Because Malcolm Turnbull’s proposal for a National Energy Guarantee is a policy directed at undoing the obvious and inevitable harm that the Federal government’s Large-Scale Renewable Energy Target has done (and continues to do) to Australia’s once reliable and affordable power supplies, STT has likened it to a rabid dog chasing its tail, or placing more and more Band-Aids on top of bloody Band-Aids.
The stated objective of the LRET is to subsidise purportedly low emissions wind and solar to reduce CO2 emissions in the electricity generation sector. The NEG is accompanied with an Emissions Obligation which has the same objective.
If ever there was an unnecessary policy duplication, having the LRET still in place with the introduction of the NEG and its Emissions Obligation sits as the prime example.
On one side of the fire stands the Energy Security Board trying to ameliorate the damage, on the other side stands the Clean Energy Regulator literally throwing petrol on the conflagration.
As Henry Ergas correctly points out below, “With the RET still in place, the ramp up in renewables will worsen the problems experienced to date”. Indeed, it will.
At last, an energy policy that has Australia headed in right direction
The Australian
Henry Ergas
20 October 2017
If there is a lesson from Australian energy policy, it is that it is far easier to make a fish soup out of an aquarium than vice-versa. But even though Malcolm Turnbull and Josh Frydenberg have not worked a miracle, their National Energy Guarantee could be a first step to reversing the harm caused to what was once a relatively well-functioning electricity market.
That the market is on the verge of collapse is undeniable. According to the consumer price index, electricity prices for residential and small business users have increased 80 to 90 per cent in real terms over the past decade.

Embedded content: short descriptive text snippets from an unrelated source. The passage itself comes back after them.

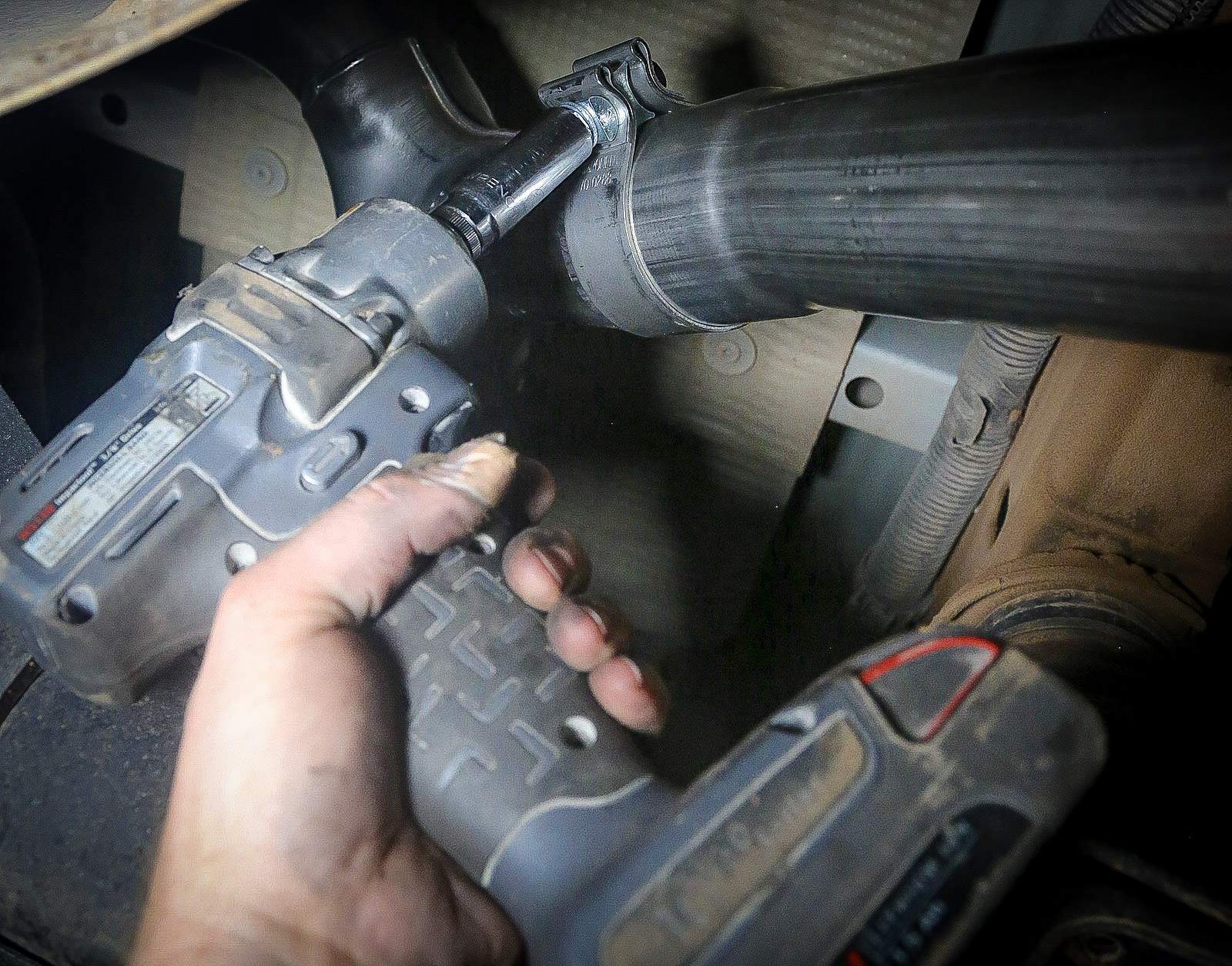 A mechanic tightening a band clamp on a new cat-back exhaust with an electric socket driver.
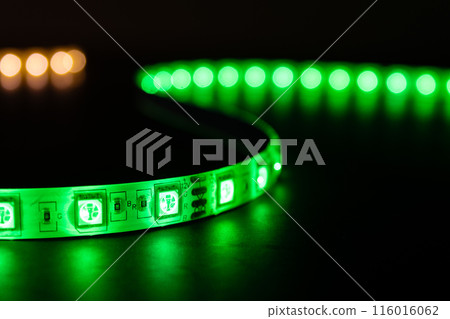 Bobbin with roll of glowing LED strip lighting placed on table, green and warm white color Bobbin with roll of glowing LED strip lighting placed on table, green and warm white color 116016062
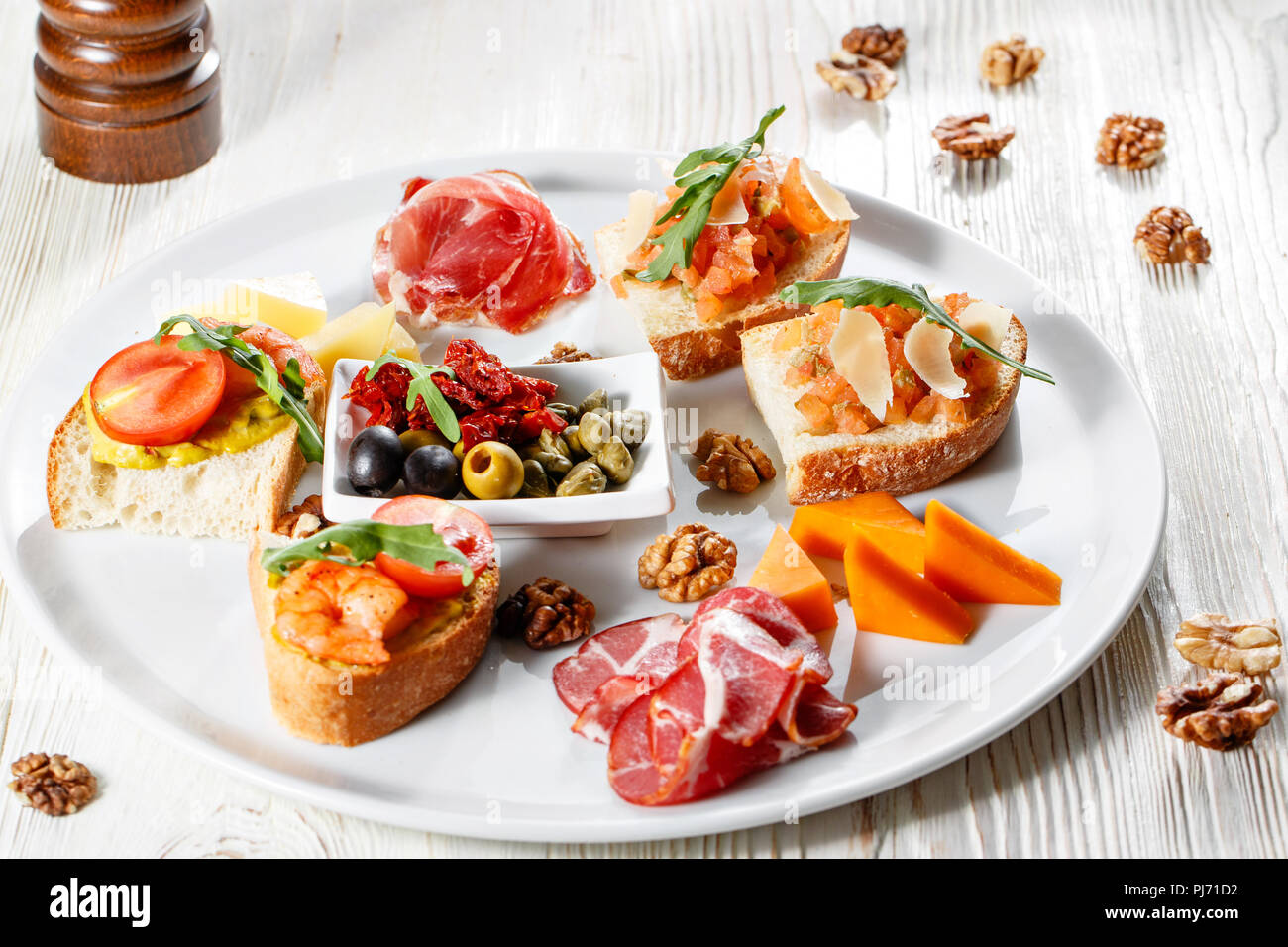 Mit italienischen Vorspeisen Teller. Bruschetta mit Tomaten und Garnelen. Parmesan Käse, Schinken, grüne Kapern, Oliven, sonnengetrockneten Tomaten und Walnüsse Stockfotografie
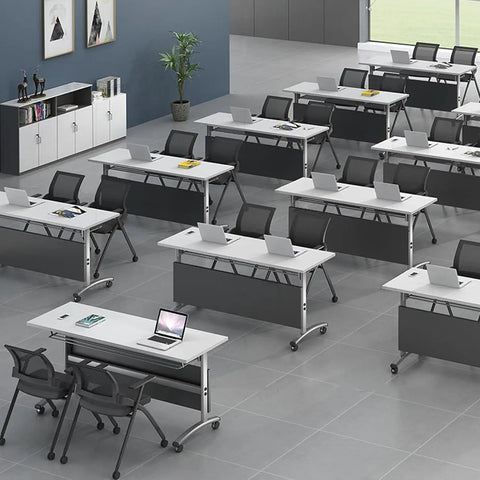 Game Changer Folding Mobile Conference Table With Privacy Panel And Heavy Duty Locking Casters Flexible Workstation Setup For Home Office Or Classroom Use In Packs Of Four Tables in a modern classroom layout with laptops.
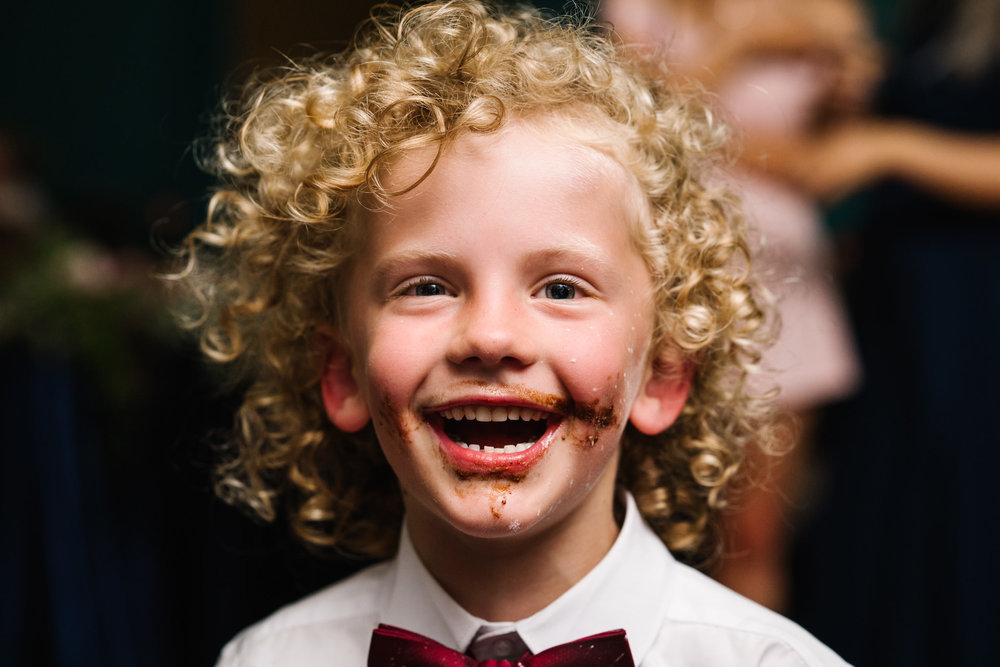 Ring bearer with chocolate wedding cake all over his face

At the same time, the quality of the service, as measured by the reliability and security of the power network, has plunged: in addition to the highly publicised system failures affecting South Australia and NSW, there were, just in the final six months of last year, more than 25 instances in which breakdowns were narrowly averted.
Underpinning both trends is the dramatic rise in renewables’ share of generation, with the renewable energy target lifting the proportion of their power that electricity retailers must source from renewables from 2.7 per cent in 2007-08 to 14.3 per cent this year.
That increase has added inherently unstable types of generation to the system, making prices ever more volatile while destroying the economic viability of baseload power, notably from coal-fired generating plant.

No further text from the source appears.